# MATERIALS PROVIDED

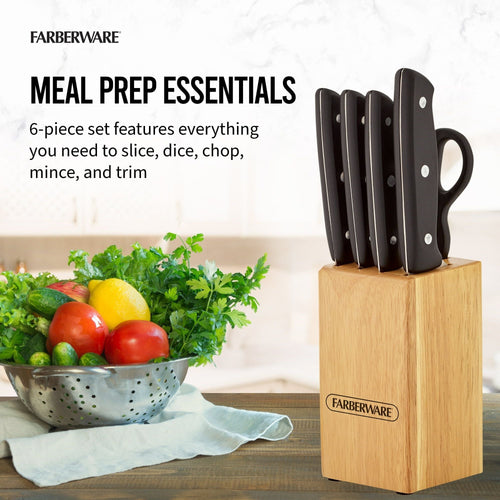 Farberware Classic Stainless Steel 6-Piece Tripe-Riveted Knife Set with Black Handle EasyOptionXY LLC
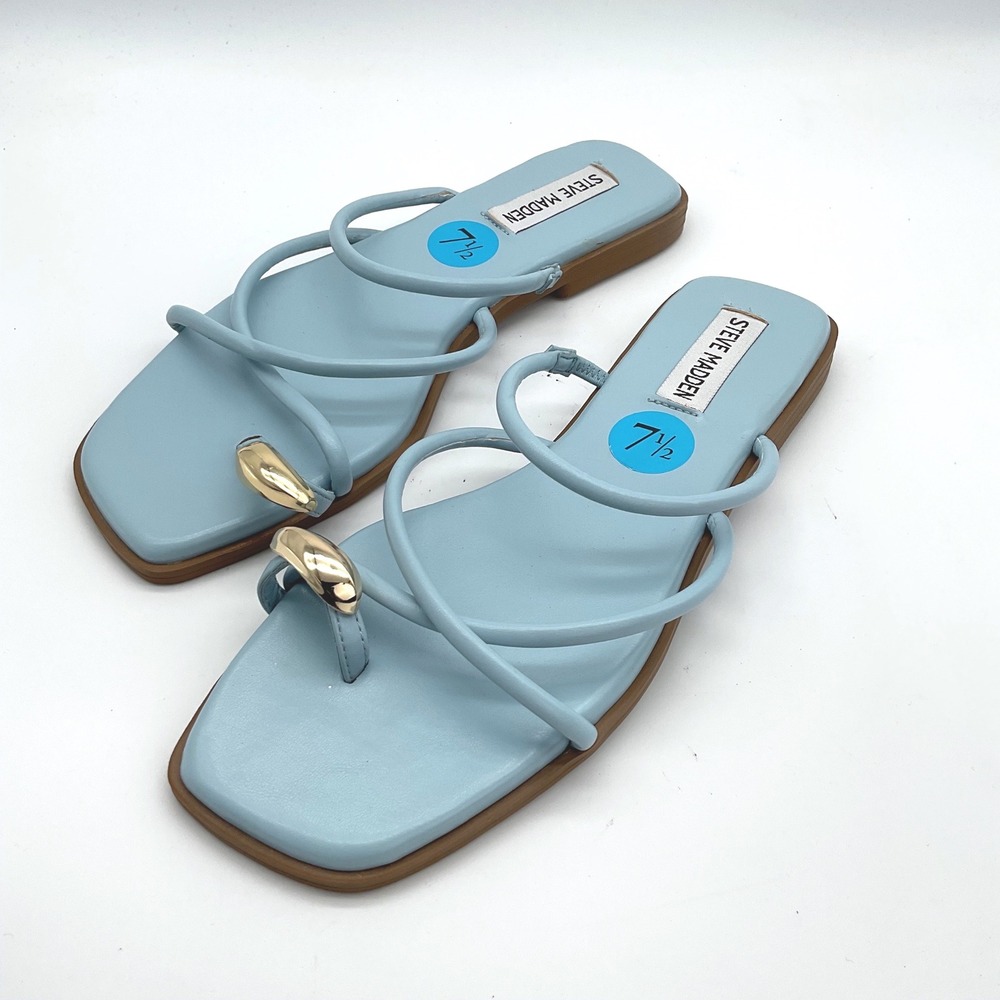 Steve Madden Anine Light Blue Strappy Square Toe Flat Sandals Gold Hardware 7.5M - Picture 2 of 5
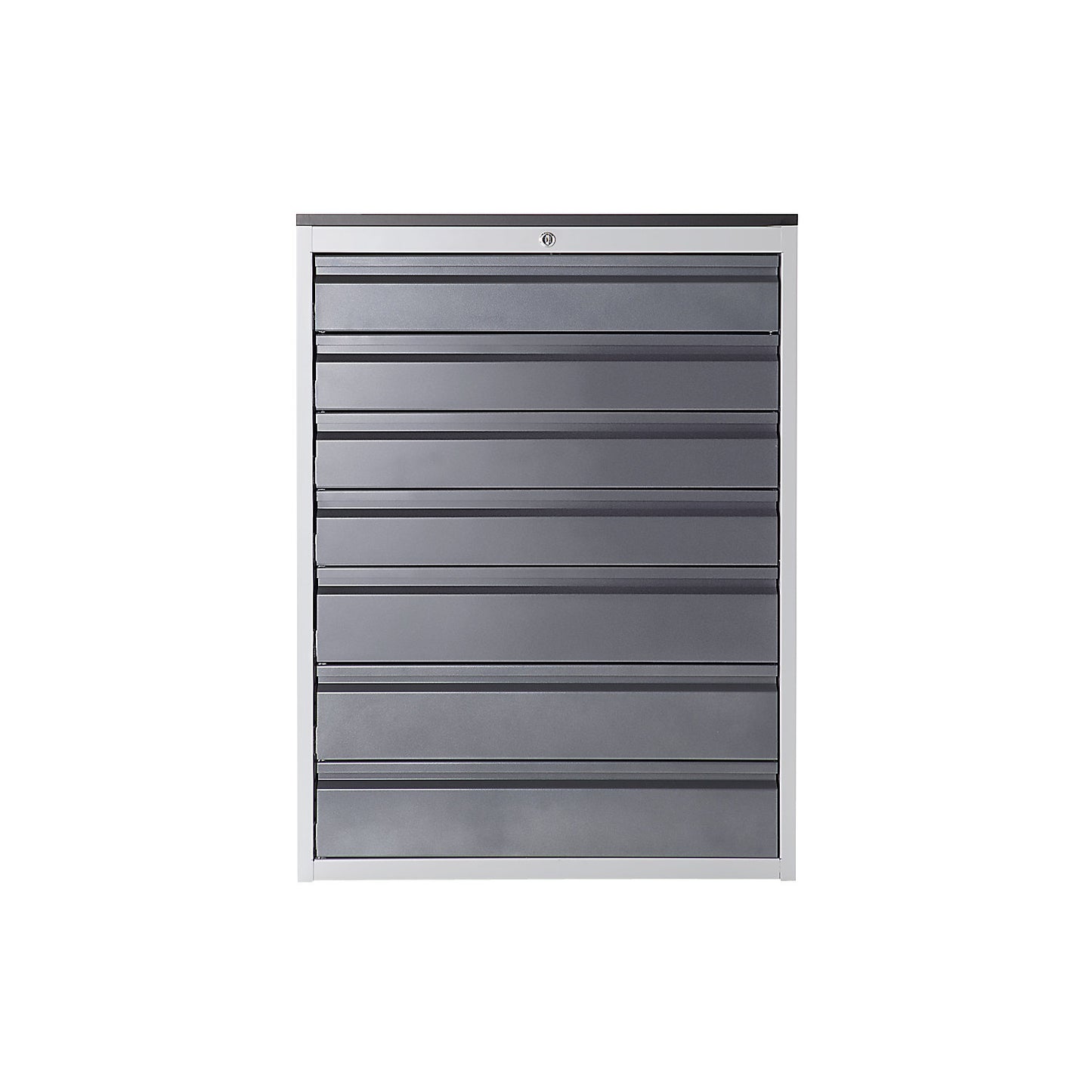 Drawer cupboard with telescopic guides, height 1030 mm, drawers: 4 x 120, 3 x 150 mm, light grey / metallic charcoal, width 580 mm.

--

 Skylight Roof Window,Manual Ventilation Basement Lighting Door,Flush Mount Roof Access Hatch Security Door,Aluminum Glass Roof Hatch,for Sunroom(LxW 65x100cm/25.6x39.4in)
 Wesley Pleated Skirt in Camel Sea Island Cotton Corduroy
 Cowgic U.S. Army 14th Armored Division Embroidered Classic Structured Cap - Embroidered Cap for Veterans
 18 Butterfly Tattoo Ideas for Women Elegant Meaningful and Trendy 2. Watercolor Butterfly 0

# ABOUT THIS TASK
From the material above, set down exactly the lines between the line holding "Wesley Pleated Skirt" and the line holding "18 Butterfly Tattoo", inclusive. Include nothing else.

# SOLVED EXERCISE
 Wesley Pleated Skirt in Camel Sea Island Cotton Corduroy
 Cowgic U.S. Army 14th Armored Division Embroidered Classic Structured Cap - Embroidered Cap for Veterans
 18 Butterfly Tattoo Ideas for Women Elegant Meaningful and Trendy 2. Watercolor Butterfly 0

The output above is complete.